Investment bank UBS recently warned in a research report that driven by the surge in demand for high-bandwidth memory (HBM) and DRAM in the field of artificial intelligence GPUs, the global memory market continues to tighten, and its prices have risen by more than 400% in some regions. This price increase pressure is expected to be more obviously transmitted to Dell's PC and server business from the second half of this year to the first quarter of 2027.

UBS also significantly raised Dell's stock price target from US$243 to US$440, and raised the company's profit forecast for fiscal years 2027 and 2028, believing that the strong growth of AI servers is enough to offset part of the cost impact caused by the "memory crisis".
UBS's latest coverage comes after Dell reported results for the first quarter of its fiscal year. In the quarter, Dell achieved revenue of US$43.84 billion and earnings per share of US$4.86. Revenue increased by 88% year-on-year. Net profit jumped from US$965 million in the same period last year to US$3.44 billion. Among them, AI server-related business revenue soared 757% year-on-year, becoming the core driving force for overall performance.
In the context of the rapid expansion of AI computing power demand, the tight supply of HBM and DRAM has driven the overall memory price to soar. In order to ensure supply, PC manufacturers have to endure a memory cost increase of up to 110% in the first quarter of 2026, and set off a wave of "rush-type" stocking. Data from market research firm Counterpoint shows that out of concerns about subsequent price increases and expectations of supply disruptions, panic purchasing behavior has not only pushed up memory contract prices, but also pushed up PC shipments this year to a certain extent.
UBS pointed out in the research report that so far, Dell's supply chain has performed "quite skillfully" in dealing with the sharp rise in DRAM and NAND prices. It has temporarily absorbed a considerable part of the cost pressure through negotiation, price locking and product structure adjustments.
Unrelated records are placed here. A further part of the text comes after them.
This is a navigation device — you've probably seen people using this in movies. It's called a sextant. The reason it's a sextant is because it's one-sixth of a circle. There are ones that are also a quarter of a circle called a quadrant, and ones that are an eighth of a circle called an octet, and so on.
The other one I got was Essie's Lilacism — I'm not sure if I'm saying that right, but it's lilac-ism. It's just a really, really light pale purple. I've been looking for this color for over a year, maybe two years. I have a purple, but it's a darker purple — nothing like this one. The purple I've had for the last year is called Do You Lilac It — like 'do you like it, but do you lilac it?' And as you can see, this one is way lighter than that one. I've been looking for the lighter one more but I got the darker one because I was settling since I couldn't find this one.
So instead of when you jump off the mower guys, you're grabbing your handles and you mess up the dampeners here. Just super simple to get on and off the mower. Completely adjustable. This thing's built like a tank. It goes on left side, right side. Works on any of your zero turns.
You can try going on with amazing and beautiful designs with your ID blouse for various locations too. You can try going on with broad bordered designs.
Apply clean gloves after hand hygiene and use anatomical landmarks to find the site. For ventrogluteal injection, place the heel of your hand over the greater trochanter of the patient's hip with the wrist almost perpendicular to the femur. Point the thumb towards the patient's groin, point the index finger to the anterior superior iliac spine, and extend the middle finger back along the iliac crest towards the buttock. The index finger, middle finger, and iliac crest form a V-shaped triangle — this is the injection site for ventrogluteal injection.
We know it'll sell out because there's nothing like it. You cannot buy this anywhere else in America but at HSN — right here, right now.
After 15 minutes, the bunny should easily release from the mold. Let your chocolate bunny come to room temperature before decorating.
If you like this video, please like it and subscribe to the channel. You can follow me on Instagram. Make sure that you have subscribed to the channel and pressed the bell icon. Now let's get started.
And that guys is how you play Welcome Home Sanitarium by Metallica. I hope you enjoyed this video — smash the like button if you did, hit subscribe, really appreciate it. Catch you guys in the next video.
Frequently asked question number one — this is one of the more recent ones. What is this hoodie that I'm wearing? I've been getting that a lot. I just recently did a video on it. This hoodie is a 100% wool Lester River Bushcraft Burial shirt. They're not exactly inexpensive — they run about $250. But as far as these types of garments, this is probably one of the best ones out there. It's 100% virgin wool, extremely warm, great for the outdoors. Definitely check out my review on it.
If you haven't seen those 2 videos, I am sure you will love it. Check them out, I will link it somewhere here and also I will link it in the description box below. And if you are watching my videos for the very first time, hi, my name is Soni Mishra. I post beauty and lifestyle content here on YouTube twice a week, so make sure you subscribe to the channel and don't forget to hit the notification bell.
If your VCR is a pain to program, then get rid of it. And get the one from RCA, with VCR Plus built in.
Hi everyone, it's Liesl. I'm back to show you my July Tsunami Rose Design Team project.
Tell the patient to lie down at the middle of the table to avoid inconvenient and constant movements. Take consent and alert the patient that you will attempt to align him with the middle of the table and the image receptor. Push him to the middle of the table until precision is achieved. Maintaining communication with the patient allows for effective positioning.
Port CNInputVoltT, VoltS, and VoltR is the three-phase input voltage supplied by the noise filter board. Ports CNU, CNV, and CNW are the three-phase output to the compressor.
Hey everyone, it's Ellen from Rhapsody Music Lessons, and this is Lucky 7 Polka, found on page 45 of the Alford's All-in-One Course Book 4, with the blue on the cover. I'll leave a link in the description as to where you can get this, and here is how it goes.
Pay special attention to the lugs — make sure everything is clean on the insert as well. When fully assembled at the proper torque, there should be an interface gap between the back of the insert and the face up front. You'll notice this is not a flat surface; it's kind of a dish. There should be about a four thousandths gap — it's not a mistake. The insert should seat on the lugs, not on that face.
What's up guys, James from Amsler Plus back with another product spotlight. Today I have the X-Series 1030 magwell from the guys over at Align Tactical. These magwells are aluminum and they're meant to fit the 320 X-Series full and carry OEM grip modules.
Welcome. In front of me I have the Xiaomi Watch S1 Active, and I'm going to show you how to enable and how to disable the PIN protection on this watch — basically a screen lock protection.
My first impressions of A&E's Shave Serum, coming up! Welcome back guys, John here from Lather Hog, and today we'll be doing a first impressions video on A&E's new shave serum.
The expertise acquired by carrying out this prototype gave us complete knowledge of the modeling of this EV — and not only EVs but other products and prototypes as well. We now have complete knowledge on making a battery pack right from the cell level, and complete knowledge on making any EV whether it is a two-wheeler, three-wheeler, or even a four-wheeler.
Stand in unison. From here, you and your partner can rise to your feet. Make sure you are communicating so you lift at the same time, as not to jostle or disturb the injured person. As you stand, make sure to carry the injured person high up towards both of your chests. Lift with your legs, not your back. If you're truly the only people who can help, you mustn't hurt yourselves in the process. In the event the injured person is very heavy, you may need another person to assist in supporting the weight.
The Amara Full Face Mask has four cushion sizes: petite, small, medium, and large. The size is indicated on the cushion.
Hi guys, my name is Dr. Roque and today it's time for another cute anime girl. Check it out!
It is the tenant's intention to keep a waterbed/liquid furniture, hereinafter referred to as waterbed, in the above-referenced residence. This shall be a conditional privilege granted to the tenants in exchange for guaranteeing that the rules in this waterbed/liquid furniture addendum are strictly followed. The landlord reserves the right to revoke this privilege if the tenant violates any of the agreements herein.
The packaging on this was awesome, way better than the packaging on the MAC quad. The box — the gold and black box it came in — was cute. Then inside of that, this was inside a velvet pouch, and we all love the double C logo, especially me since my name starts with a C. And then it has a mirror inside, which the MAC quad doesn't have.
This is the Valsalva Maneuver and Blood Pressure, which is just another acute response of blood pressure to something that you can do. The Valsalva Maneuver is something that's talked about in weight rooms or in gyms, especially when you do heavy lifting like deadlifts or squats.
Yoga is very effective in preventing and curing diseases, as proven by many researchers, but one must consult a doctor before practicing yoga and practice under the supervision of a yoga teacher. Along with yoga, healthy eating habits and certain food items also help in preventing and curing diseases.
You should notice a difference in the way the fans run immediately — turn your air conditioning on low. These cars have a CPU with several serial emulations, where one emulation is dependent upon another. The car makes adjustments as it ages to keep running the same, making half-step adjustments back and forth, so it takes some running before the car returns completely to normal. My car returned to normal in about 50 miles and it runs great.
However, the bank also emphasized that as the effect of price increases is gradually transmitted through the contract cycle and product pricing, the negative impact of rising memory costs on Dell's PC and server business is expected to become increasingly apparent from the second half of 2026 to the first quarter of 2027.

In UBS's view, one of the key variables for Dell's future is gross profit margin performance. The research report pointed out that due to the high proportion of hardware in Dell's business structure, once component costs remain high for a long time and the revenue structure tilts towards high-configuration products such as AI servers, its overall gross profit margin and profit multiple may face periodic pressure. However, UBS also judged that as the slope of memory price increases may slow down after the first quarter of 2027, the risk of prices continuing to rise sharply is expected to be reduced; the bank does not expect memory prices to fall significantly thereafter, so the profit margins of PCs, servers and storage products will still face a higher cost environment in a longer period, rather than a typical cyclical correction of "rising and then falling".
Dell also released a similar signal on its earnings call. When talking about key components such as NAND and DRAM, Jeff Clark, the company's chief operating officer, said that the rapid increase in component costs has forced the company to frequently adjust product pricing to cope with changes. He admitted that the world is currently in an unprecedented inflationary environment. Whether it is fuel, raw materials, or core components such as DRAM, NAND, and CPU, the price fluctuation speed and amplitude are significantly faster than in the past. The company has to maintain higher flexibility and response speed in pricing strategies, and existing signs show that this situation is difficult to change in the short term.
In the report, UBS also cited the views of market analysts on social platforms, saying that DRAM and NAND price pressure will further increase in the next two to three quarters. Affected by this, even if Dell continues to take active measures in supply chain management, its PC and traditional server businesses may still face more severe cost-price balance tests in the next few financial quarters, and the new round of AI-oriented server demand cycle is regarded as an important pivot to support the company's mid- to long-term growth and valuation improvement.